The Process of Forgiveness
- Kassidy Ries
- Feb 6
- 3 min read

Forgiveness is one of the greatest tools we have as humans. It allows us to fully let go, move forward, and release the emotional, mental, and spiritual burden of holding onto unforgiveness. Unforgiveness, on the other hand, can lead to resentment, sadness, physical dis-ease, and the literal weight of what is asking to be forgiven.
Unforgiveness is like carrying a bucket of rocks. Each rock represents a specific instance that needs forgiveness, each with its own weight, energetically tied to what is requesting to be released. When we forgive, we set the rocks down—one by one.
How we approach forgiveness is just as important as the act itself. The first step is willingness.

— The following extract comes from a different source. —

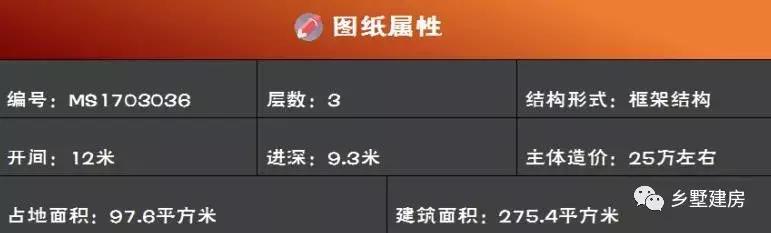 12x9的別墅設(shè)計(jì)圖，帶有車庫和露臺(tái)，造價(jià)多少？附帶圖紙！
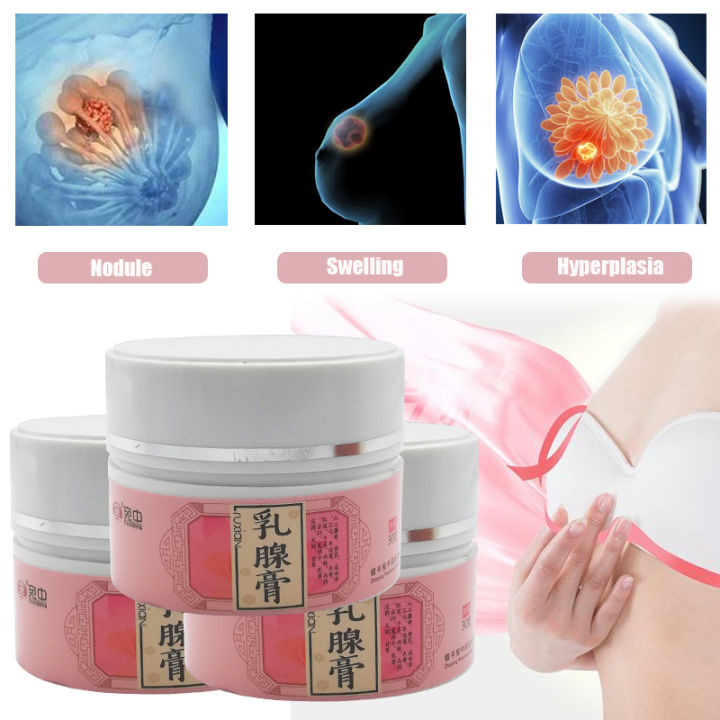 Women Health Care Cream Treat Hyperplasia Chornic Mastitis Medical,anti  Breast Cancer Swelling Breast Pain Relief Ointment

Not a superficial “sure,” but a genuine readiness to forgive. If you notice you are not ready, allow that information to inform you. Continue to gently try, and when readiness arises, move into a deeper forgiveness process.
When we are truly ready and willing to forgive, we are also invited to look at our role in the dynamic. This is known as radical responsibility.
For example, when I was 22, I began dating a man ten years older than me who was quite out of alignment, to put it lightly. That relationship required - and continues to require - forgiveness. Before I could truly begin that process, I had to recognize my role in allowing the dynamic to unfold. I said yes, or perhaps more accurately, I didn’t say no. Acknowledging my own pride, vanity, and lack of self-respect opened the door for genuine forgiveness to begin. This level of honesty is often required for forgiveness to fully take root.
Forgiveness is a journey. You may feel as though you have forgiven, only to find yourself triggered again later. This is normal. The more you allow these moments to inform you rather than frustrate you, the more capacity you will have to forgive. Forgive what you are able to see and release now, and as more is revealed, forgive that too.
One technique I use with my clients to support forgiveness involves prayer and visualization. I often recommend the Hawaiian prayer Ho’oponopono.
Ho’oponopono
I’m sorry
Please forgive me
Thank you
I love you
The first two - I’m sorry and please forgive me - are where radical responsibility comes in. They invite you to acknowledge your part and ask for forgiveness. The final two - thank you and I love you - open the heart into divine gratitude and compassion, allowing you to see the other as a human rather than only through the lens of harm.
Bring the person to mind and speak each phrase slowly and with specificity. For example: I’m sorry I crossed your boundary when you told me no. I’m sorry I was unkind when I called you a name. Continue until you feel complete. Then move through the remaining three phrases in the same way.
When this feels finished, take yourself on a visual journey.
Imagine before you a small mountain - one that may be familiar or entirely new. Lace up your hiking shoes and notice the path unfolding as you make your way upward. Take in the scenery as you go. When you reach the top, you arrive exactly on time. There is no rush. No hurry.
A beautiful sunset stretches across the horizon, the sky filled with rich, vibrant colors. You can see the peaks of other mountains in the distance and feel a warm breeze against your face. Take a deep breath and fully receive this moment.
As you stand there, you notice a heavy backpack on your shoulders - one you carried all the way to the top. Inside it is all the unforgiveness you are ready to release.
You pause and ask yourself: Am I willing to let this go?
…You make your decision.
You remove the backpack, hold it over the edge of the mountain, and let it go.
You watch as it tumbles down the mountainside until it disappears from sight.
Take another deep breath of the mountain air, now with a newfound sense of freedom.
Rest in the peace of this moment.
When you are ready to descend, a slide appears - safe, joyful, and effortless. When it feels right, step onto it, allow yourself to enjoy the ride, and return to where you physically are… lighter than before.